The implicit meaning is that no matter how much one may pursue the physical rising place of the sun, one will never reached that spot. But even that unfathomable distance is not enough to express the disbeliever's loathing of his evil earthly companion, hence his wish to have him twice as far. This type of phraseology meant at expressing something with no qualitative or quantitative ending is found in other places, such as when depicts God's infinite knowledge and wisdom should it be put into writing 
31:27"And if whatever trees upon the earth were pens and the sea [was ink], replenished thereafter by seven [more] seas, the words of Allah would not be exhausted. Indeed, Allah is Exalted in Might and Wise".
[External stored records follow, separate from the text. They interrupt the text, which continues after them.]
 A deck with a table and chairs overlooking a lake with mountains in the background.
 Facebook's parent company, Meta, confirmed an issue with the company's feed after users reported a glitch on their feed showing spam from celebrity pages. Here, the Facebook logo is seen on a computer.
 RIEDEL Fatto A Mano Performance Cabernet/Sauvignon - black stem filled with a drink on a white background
The Quran, it is to be kept in mind, repeatedly says there are countless rising and setting places for the sun 37:5,70:40. There isnt one single place of sunrise or sunset but each of those ephemeral sunrises and sunset spots where one can see the sun rising or setting when looking at the horizon must be referred to with a definite article when spoken of on their own 18:86,90. Mashaariq literally means "the places where the sun rises". The east can be implicit depending on one's position on Earth however "the places where the sun rises" can also include the south or the north as happens in certain Arctic/Antarctic times of the year.

Thats how accurate and consistent the Quran truly is contrary to other similarily ancient religious scriptures, such as the Hebrew Bible from where it is claimed the Quran finds inspiration. The HB, contrary to the Quran reflects the faulty cosmic understanding of the people that penned it, speaking of
Isa45:6,Ps113:3"the rising of the sun to the place where it sets".
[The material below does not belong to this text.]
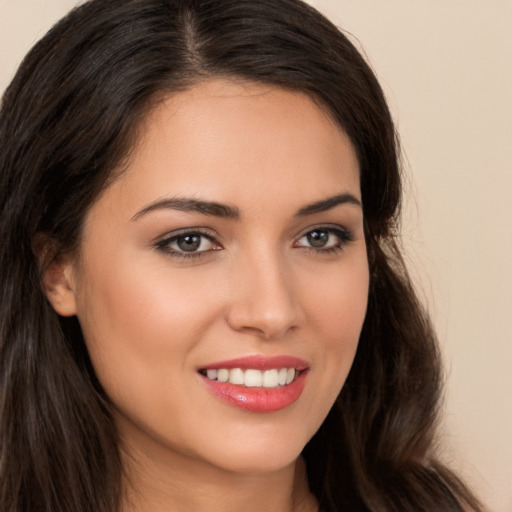 Joyful white young-adult female with long  brown hair and brown eyes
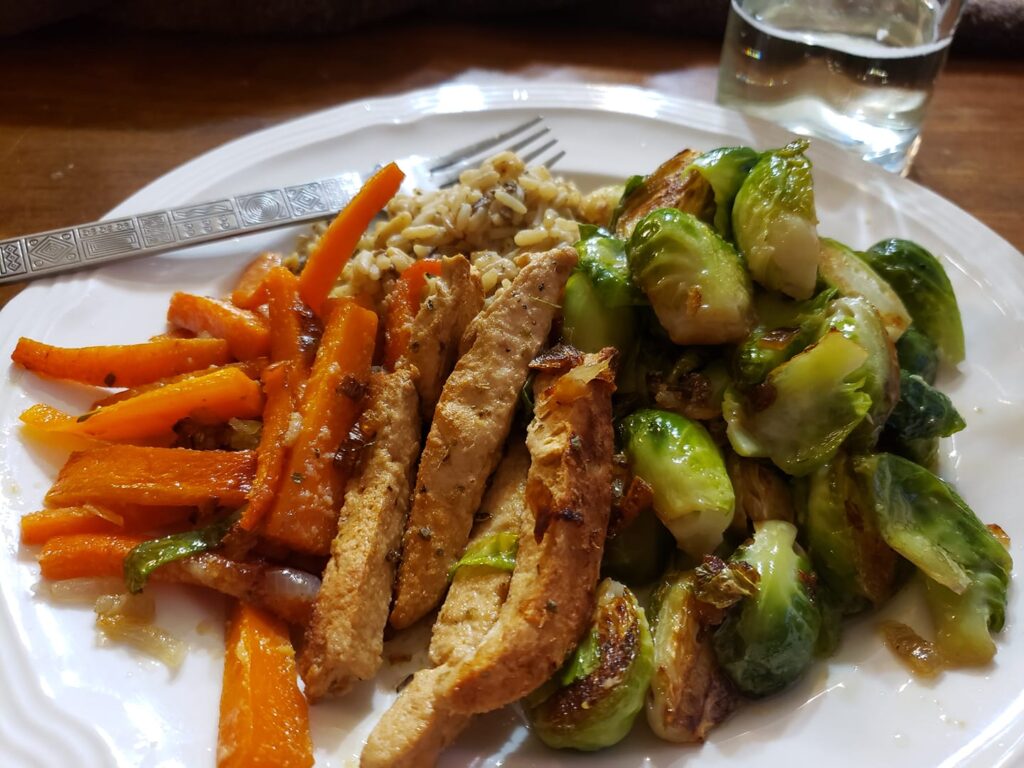 a dinner plate has brussel sprouts, carrots and chicken strips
It speaks of the sun traveling across the heaven from one end to another Ps19:7, circling the earth Ecc1:5. A salvific figure will be coming
Isa41:25"from the rising of the sun".
When daylight was miraculously prolonged for an additional 24 hours, it was because the sun stood still, instead of the earth Josh10:12-14. The end of a day was understood as when
"the sun descended very much"
until it set
"near Gibeah" Judges19:11-14.
There is a "dwelling" God has created for the setting sun, somewhere in the heavens Ps19:5, the place where both the sun and moon stand still in the face of God's might Hab3:11. There is also mention of times where
1Sam11:9"the sun is hot"
which implies that there are others where it cools down. What the ancients who wrote the Bible didnt know is that during this cooling off time, the opposite side of the round Earth was still receiving the Sun's warmth. The Sun was moving backwards in relation to the Earth during the miraculous extending of daytime Isa38:8.
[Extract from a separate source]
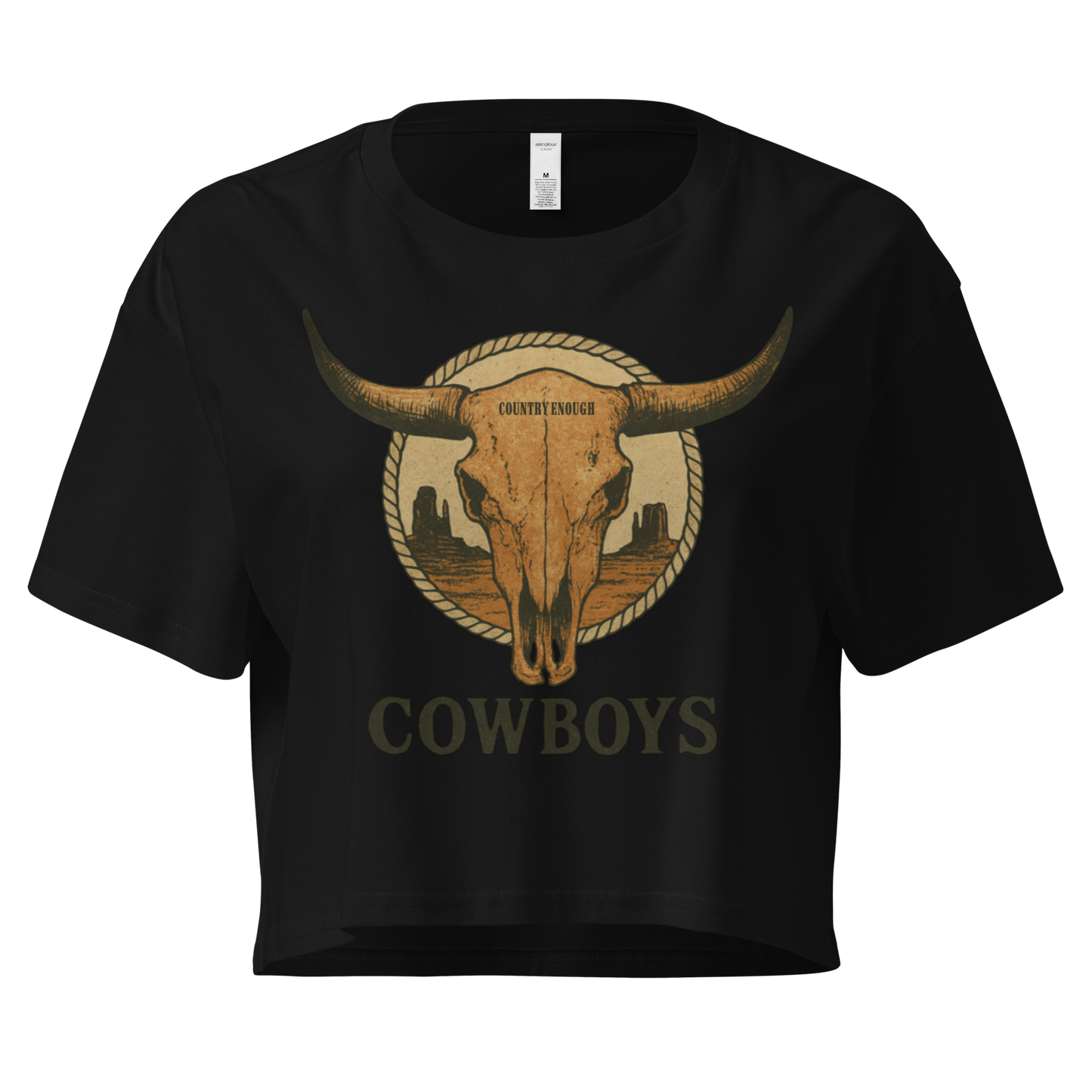 Black crop top with graphic of bull skull in front of a circular desert landscape with rope border and word cowboy below #black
Of course, the words of the Talmudic rabbis traditionaly considered God-given to Moses at Sinai, reflect all these faulty notions. In order to move from daylight to night (and vice versa) the sun had to go through the solid firmament, a dome sitting on top of the shallow flat earth. This passage happens twice a day, in the morning and the evening. As it goes through the firmament's width, the sun appears to be setting. This apparent time it takes for the sun to pierce through the firmament (approx 70min) is included until today by religious Jews as part of the daylight cycle.

It is perfectly expected for a human work, the Bible, to reflect every faulty notion of its human writers. What is astonishing is that all these erroneous views and others were equally believed by the ancient Arabs yet we do not find even as much as the remotest resemblance of any of these concepts with verses from the Quran depicting some natural phenomena.

Allah is the Lord of the mashaariq and maghaarib, the Creator and Ultimate Cause of all phenomenons in the universe, making the sun rise and set at different spots of the horizon throughout the solar year. God causes the movements in the universe making the sun rise at different spots in the horizon. Sometimes the Quran, when discribing a thing positionned far on the horizon, describes its position in terms of altitude as opposed to longitude which would have been the case had it thought the earth was flat 53:7.